Alicia Morgans: Yes, yes. But to your point, you should probably still radiate the prostate and pelvic bed and then consider adding on maybe the radiation, the SBRT, to those other lesions that you may see outside of the pelvis. But it's really interesting. I think there are clinical trials that are trying to investigate just this and to understand if we do do SBRT to all visualizable lesions, even, as it may be, after salvage radiation to the pelvis and then we see an additional biochemical recurrence, now what do we do and how do we best use systemic therapies, targeted radiation, or advances to try to treat these patients? No one quite knows what to do.
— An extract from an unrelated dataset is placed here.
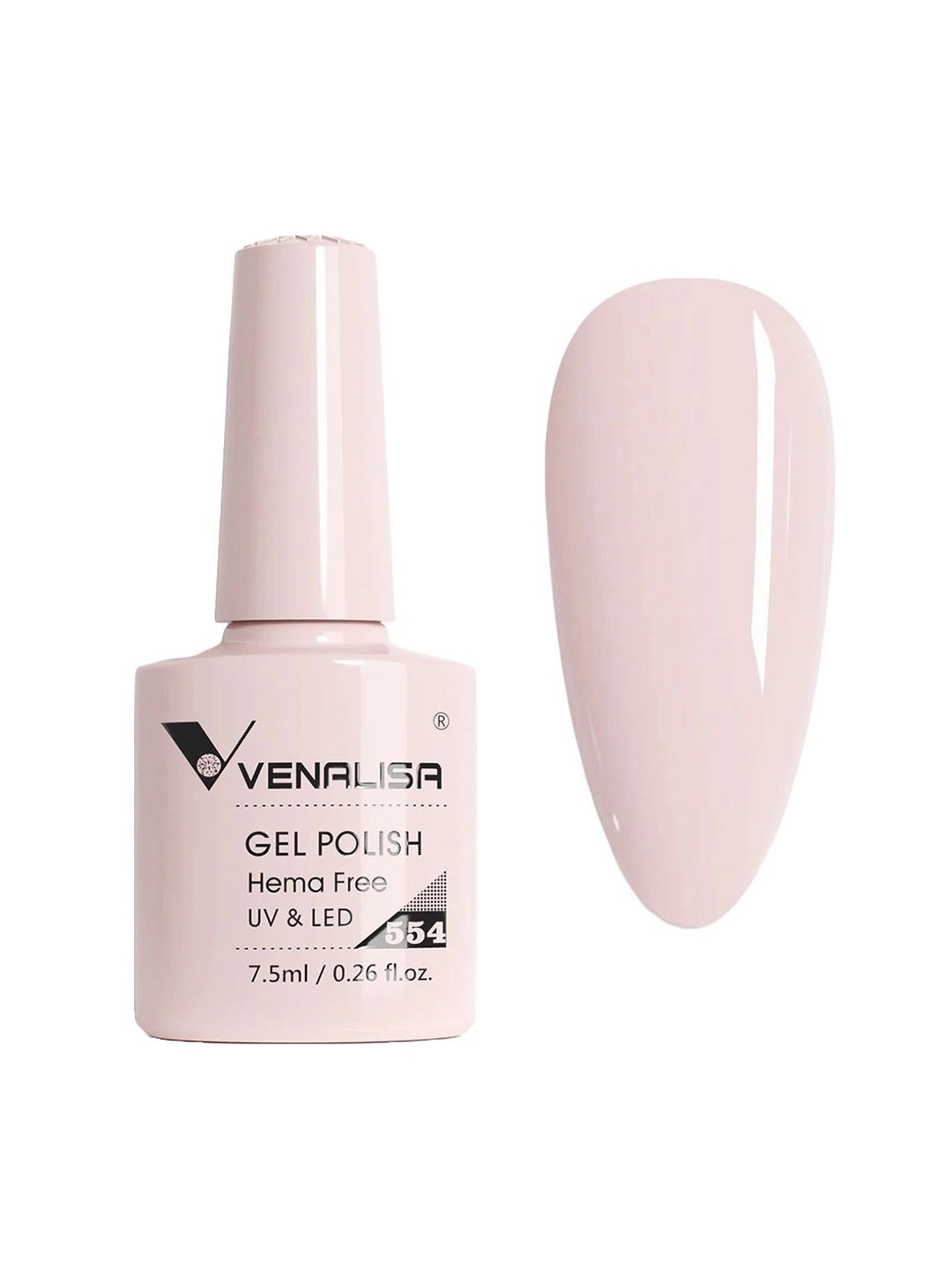 VENALISA Upgraded Formula Hema Free Soak-Off UV & LED Gel Nail Polish 7.5 ml - VIP5-554, Nude
VENALISA Upgraded Formula Hema Free Soak-Off UV & LED Gel Nail Polish 7.5 ml - VIP5-554, Nude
Jeremie Calais: Yeah. There is one thing, is that the disease you see on PET imaging, which is usually much earlier than what you see on conventional imaging, I think is of less severity, less gravity than the disease you see on conventional imaging. So that's also to put in the weight in the balance.
Alicia Morgans: Absolutely. Well, thank you so much for walking me through this and certainly thank you for presenting this data and it was a wonderful conversation at GU ASCO and in the poster discussion and your work certainly added to that, so thank you for your time and your expertise today.
Jeremie Calais: Thank you very much. Always a pleasure.